Because the FAPRI study does not include several "important factors," they add, it becomes "an inadequate study." Among those factors are a lack of consideration of changes to the Noninsured Assistance Program, specialty crop insurance programs and incentives to increase participation in these programs included in the Roberts-Kerrey bill.

"These programs represent significant components of this legislation that will dramatically affect the impact of this legislation on producers nationwide. Additionally the study does not take into account the increased costs associated with creating and administering the program proposed in the Lugar bill."

Lugar's bill makes available a risk management payment to farmers who undertake any two risk management actions from a list of eight. The payment would be about 1.5% of the farm's crop value based on historical price and yield factors.

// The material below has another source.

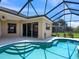 Inviting outdoor pool with a screened-in enclosure, perfect for relaxation and entertainment at 280 Dahlia Ct, Bradenton, FL 34212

In his Nov. 9 letter to senators, Lugar said he believed his plan "would maximize the portion of the $6 billion (in budget authority for crop insurance) which actually gets to farmers as opposed to substantial sums allocated to insurance companies and the administration of crop insurance."

Farmers would "have incentives to learn much more about overall risk management and the distribution of money would be relatively equitable to all states and sectors of our country," says Lugar. "We would not subsidize over production and thus literally cause lower prices."

The nine senators, however, believe the FAPRI study is flawed because "it was conducted assuming normal weather patterns across the nation during the four-year period analyzed. No analysis was conducted to determine the effect of one or more significant `shocks' during the period," they say.

"If Congress simply provides direct payments to producers (as in Lugar's bill) instead of improving the crop insurance and NAP programs, will producers then be asking for additional direct payments in the form of disaster payments when, not if, a weather shock occurs?" they add.

"It should not be surprising that a program that provides direct cash payments is shown to provide higher farm income when compared to a program that is intended to allow farmers to manage risk," the senators continue. "We believe most producers use crop insurance in order to manage their risk and keep their operations in business when a worst case crop failure takes place."